Your response to the data below should hold nothing except the lines from the one containing "Snapshot of abby_blond_" down to the one containing "Продам комбенизон, куртки и тройку.", reproduced exactly and without pictures.

=== Material to process ===

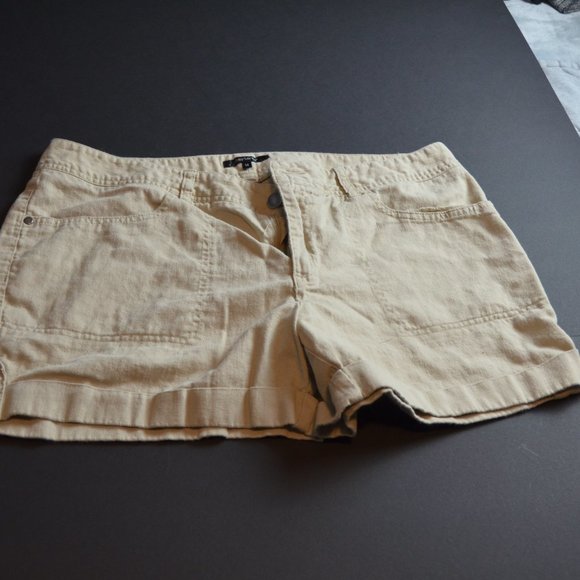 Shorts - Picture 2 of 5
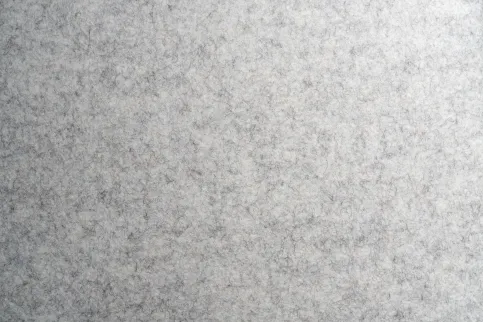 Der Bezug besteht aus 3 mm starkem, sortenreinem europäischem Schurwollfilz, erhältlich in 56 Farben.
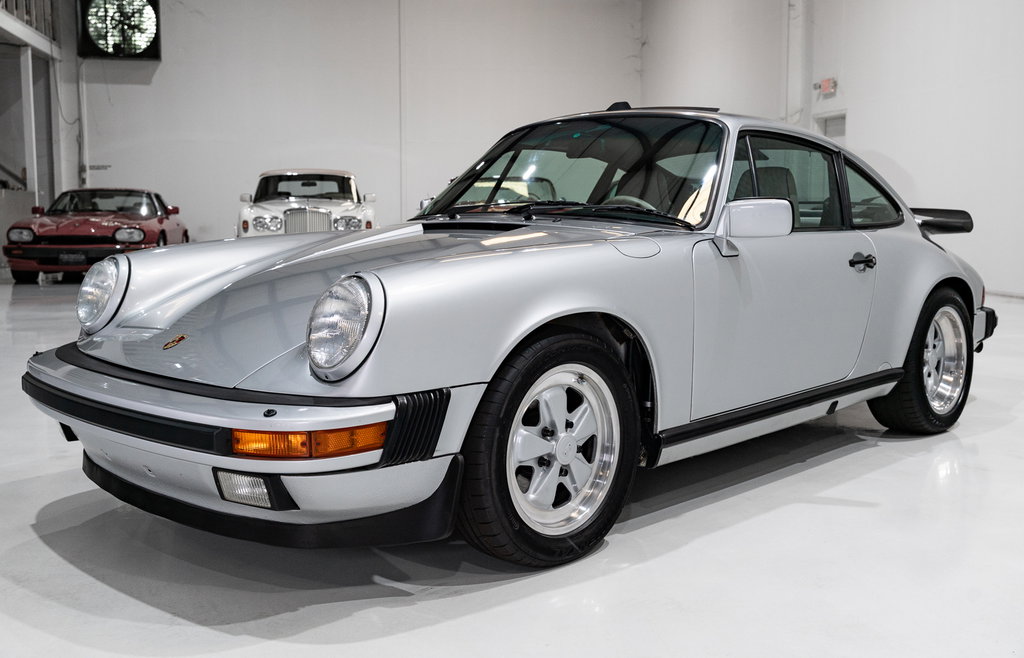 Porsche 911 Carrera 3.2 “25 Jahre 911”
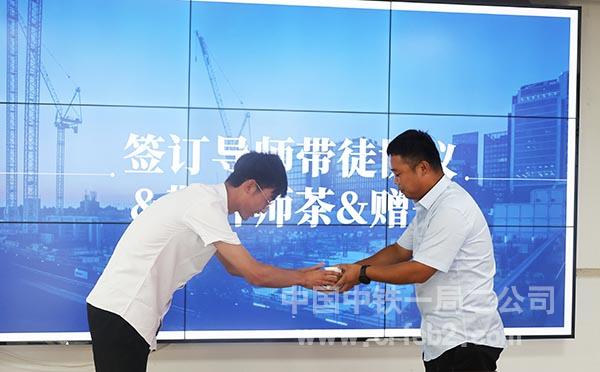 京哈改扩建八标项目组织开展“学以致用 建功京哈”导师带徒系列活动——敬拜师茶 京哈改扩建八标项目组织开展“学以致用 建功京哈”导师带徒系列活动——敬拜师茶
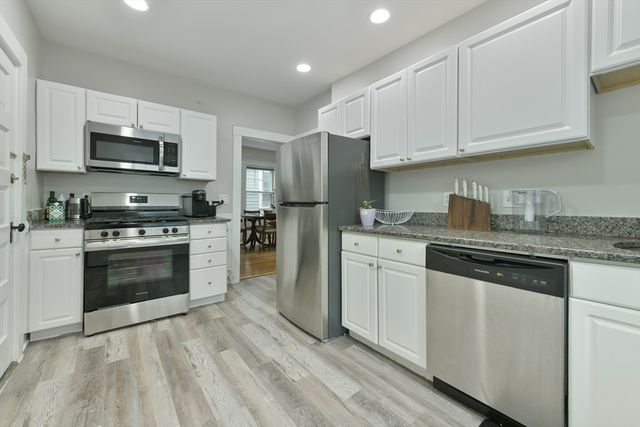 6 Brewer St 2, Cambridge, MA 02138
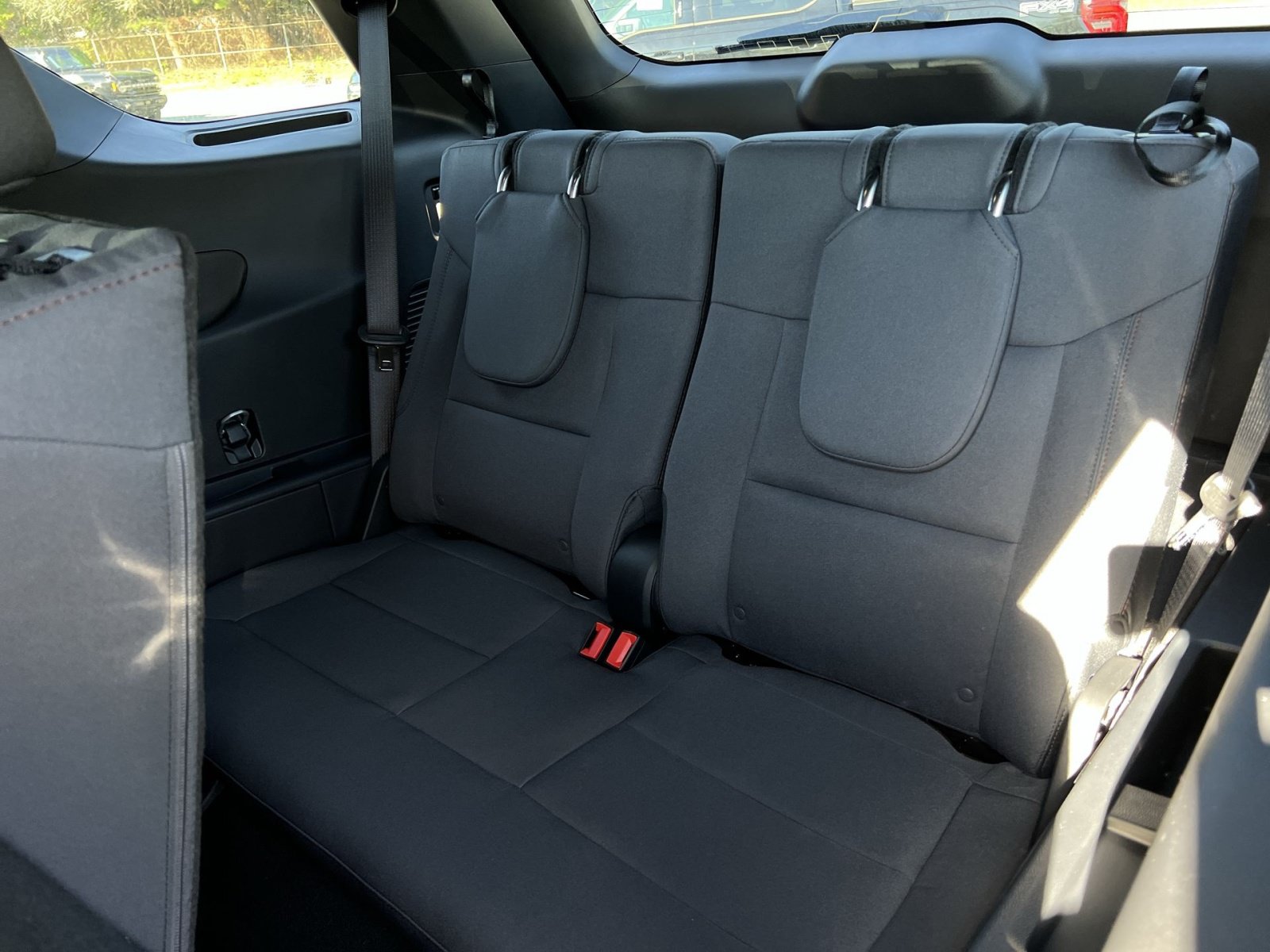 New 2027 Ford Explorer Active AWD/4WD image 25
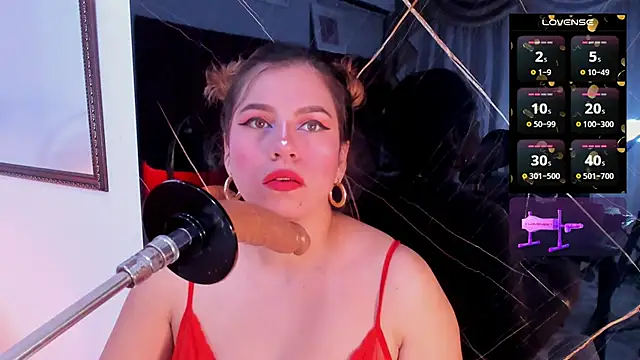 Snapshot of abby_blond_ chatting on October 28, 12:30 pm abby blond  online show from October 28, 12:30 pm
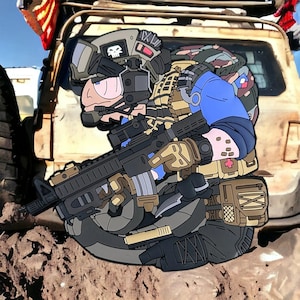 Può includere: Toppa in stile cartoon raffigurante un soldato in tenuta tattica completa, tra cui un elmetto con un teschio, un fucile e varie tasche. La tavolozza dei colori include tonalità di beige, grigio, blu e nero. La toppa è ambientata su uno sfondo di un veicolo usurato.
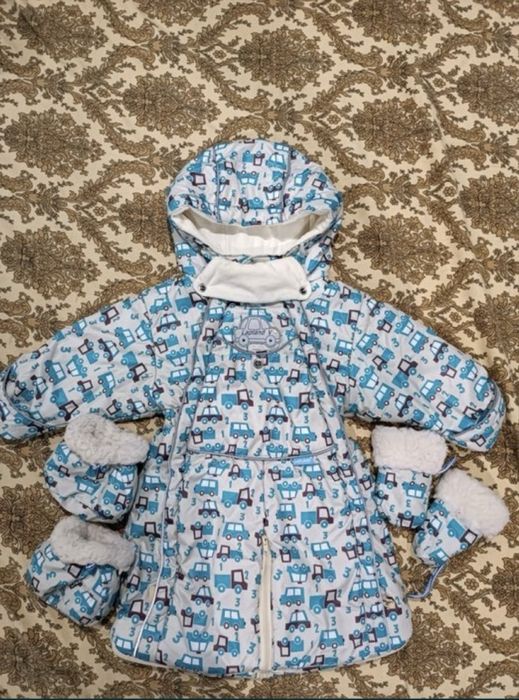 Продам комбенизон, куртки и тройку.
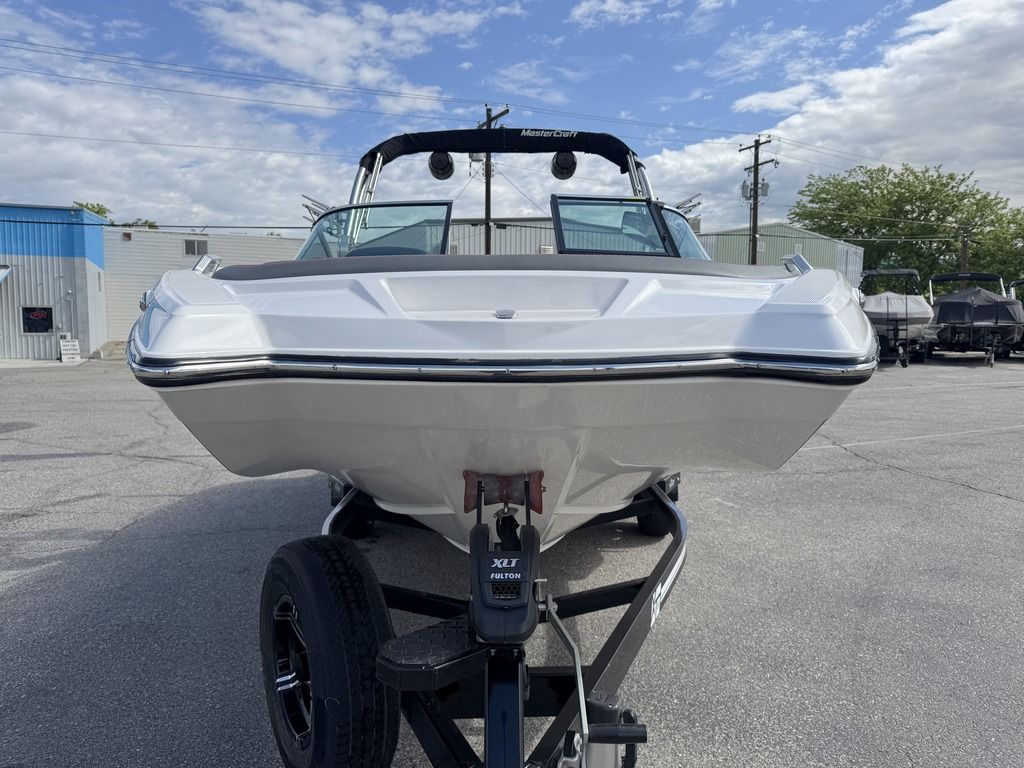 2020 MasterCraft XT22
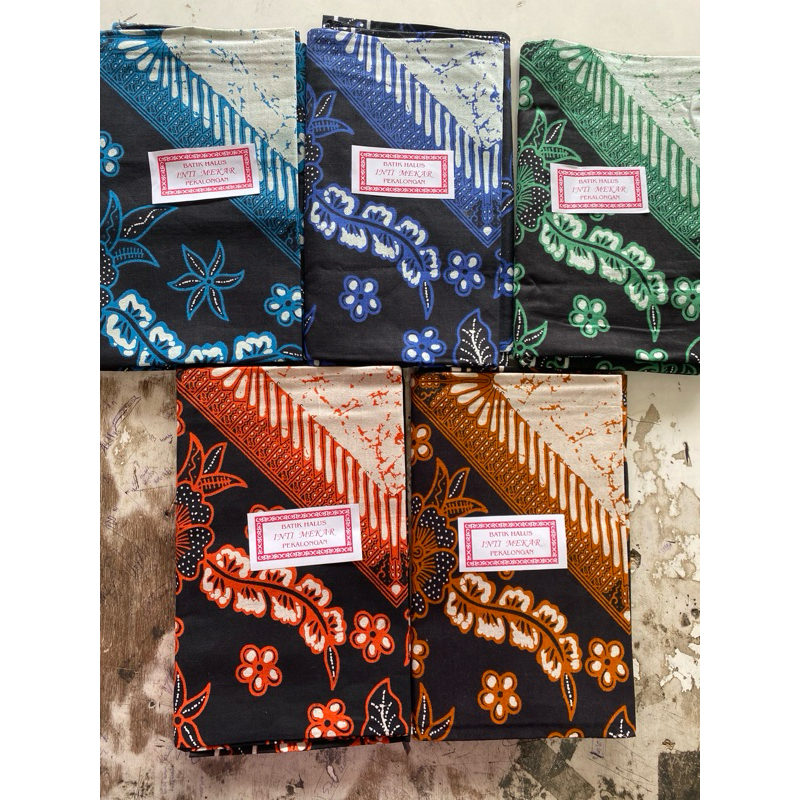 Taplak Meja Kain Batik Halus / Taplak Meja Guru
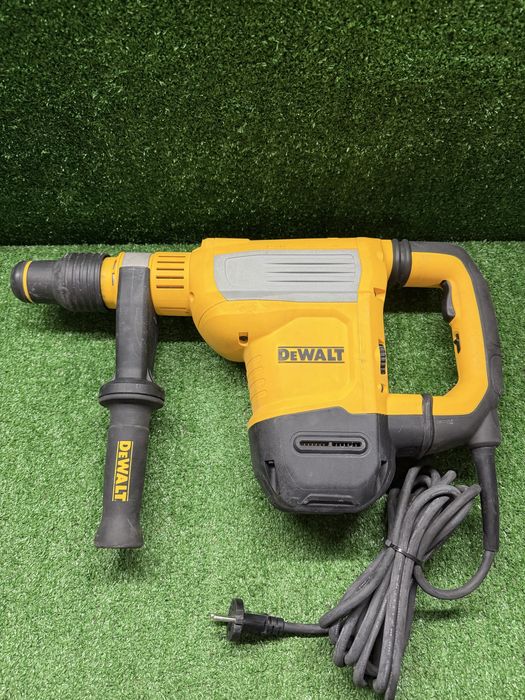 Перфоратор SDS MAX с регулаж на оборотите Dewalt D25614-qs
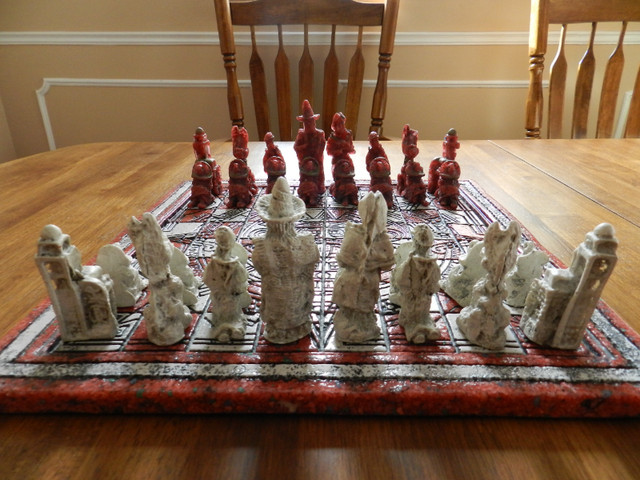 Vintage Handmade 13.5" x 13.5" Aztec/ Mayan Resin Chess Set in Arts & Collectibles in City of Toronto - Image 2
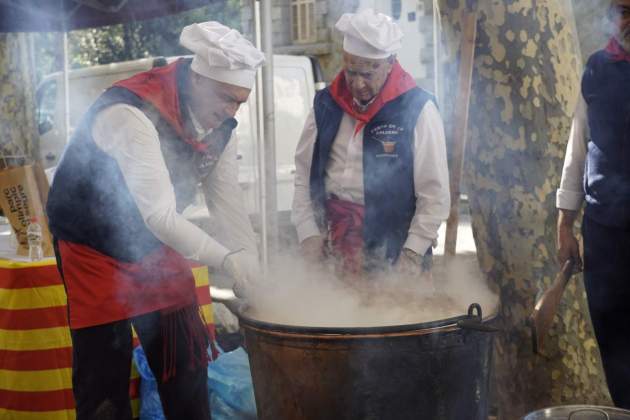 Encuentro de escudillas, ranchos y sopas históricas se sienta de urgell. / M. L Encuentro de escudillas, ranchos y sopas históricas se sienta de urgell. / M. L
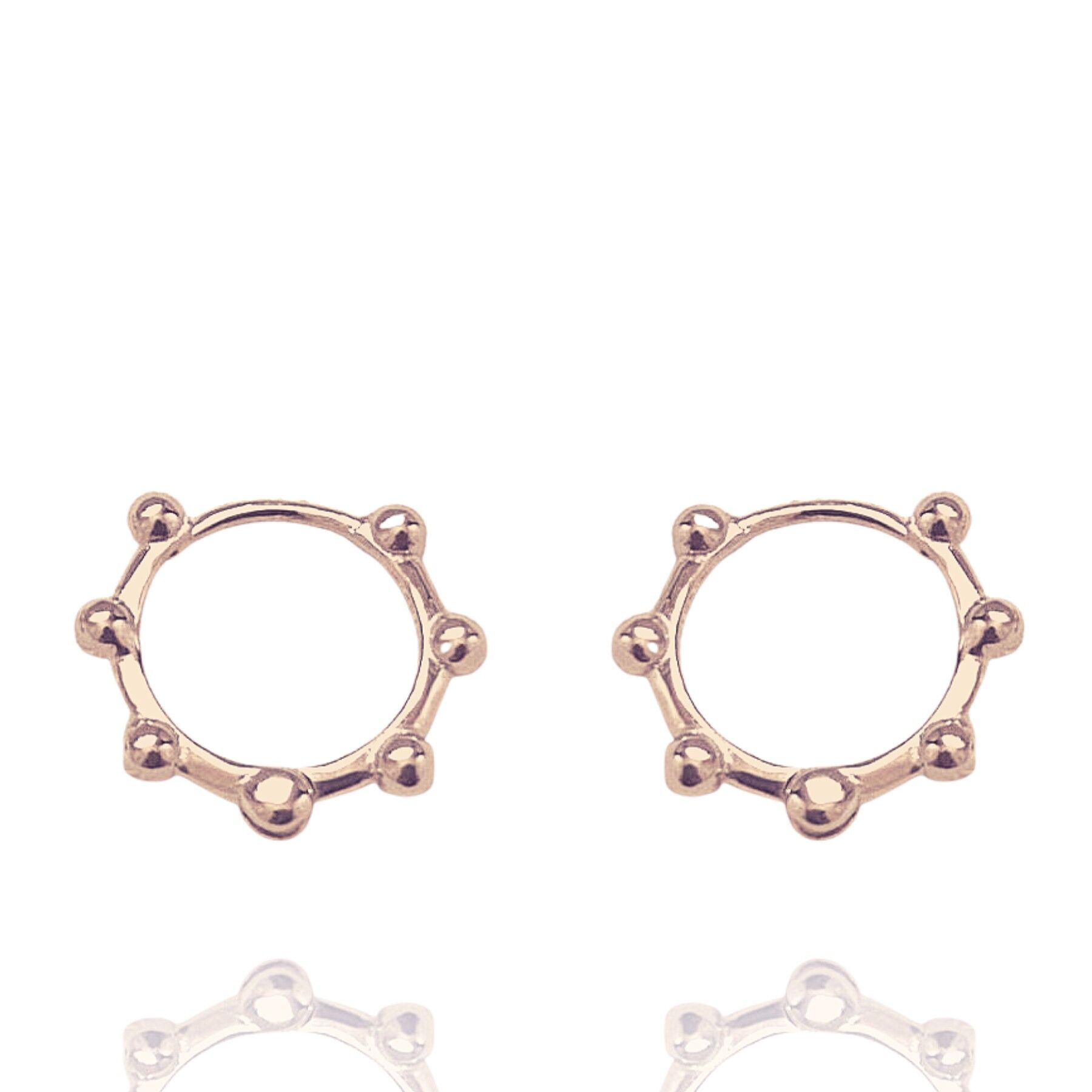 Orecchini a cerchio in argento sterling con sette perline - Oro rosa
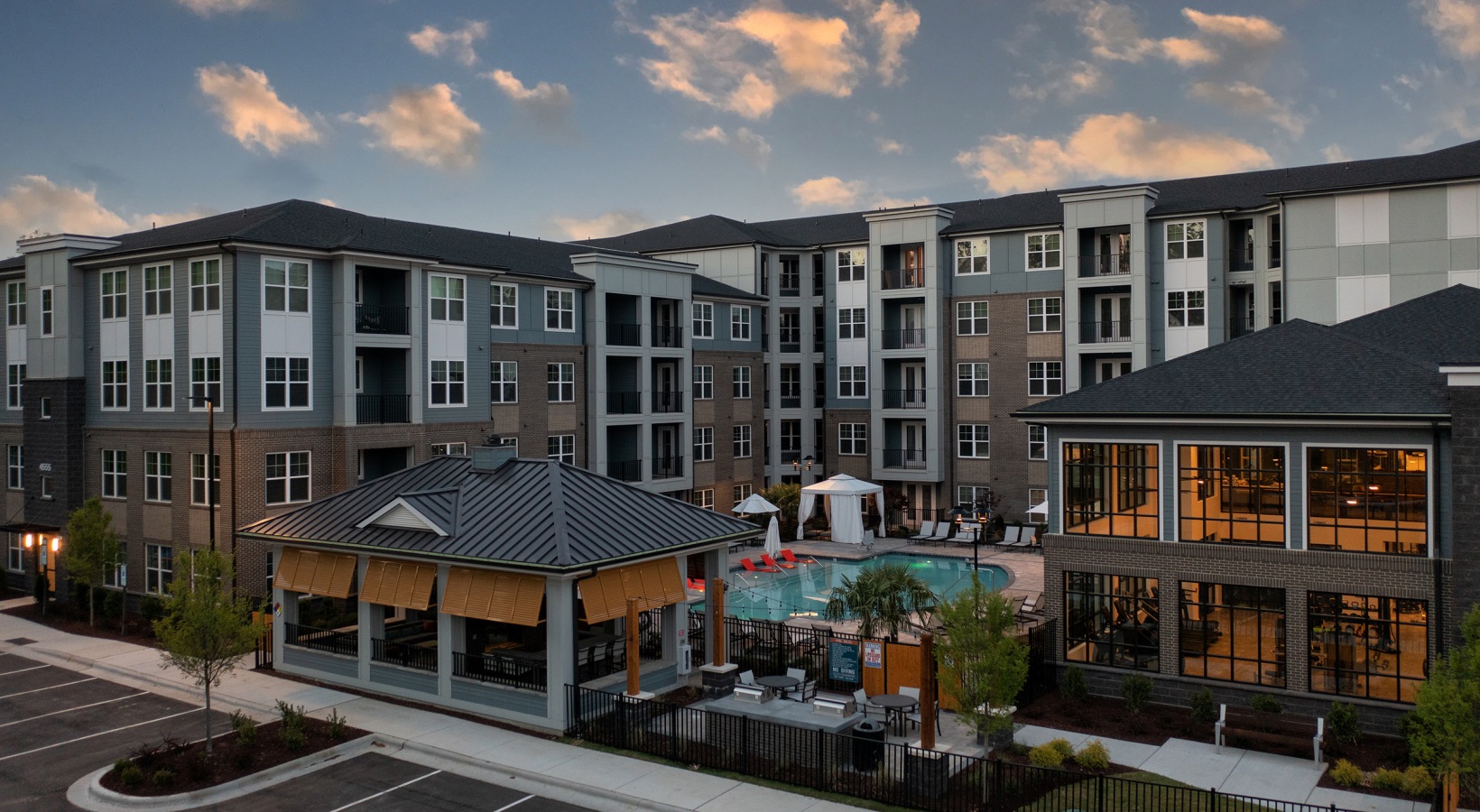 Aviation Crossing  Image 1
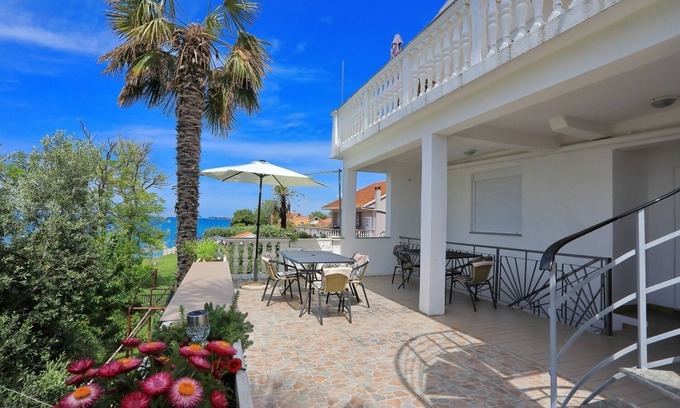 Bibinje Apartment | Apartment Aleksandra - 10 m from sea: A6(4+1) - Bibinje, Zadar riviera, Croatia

===

Written solution:
 Snapshot of abby_blond_ chatting on October 28, 12:30 pm abby blond  online show from October 28, 12:30 pm
 Può includere: Toppa in stile cartoon raffigurante un soldato in tenuta tattica completa, tra cui un elmetto con un teschio, un fucile e varie tasche. La tavolozza dei colori include tonalità di beige, grigio, blu e nero. La toppa è ambientata su uno sfondo di un veicolo usurato.
 Продам комбенизон, куртки и тройку.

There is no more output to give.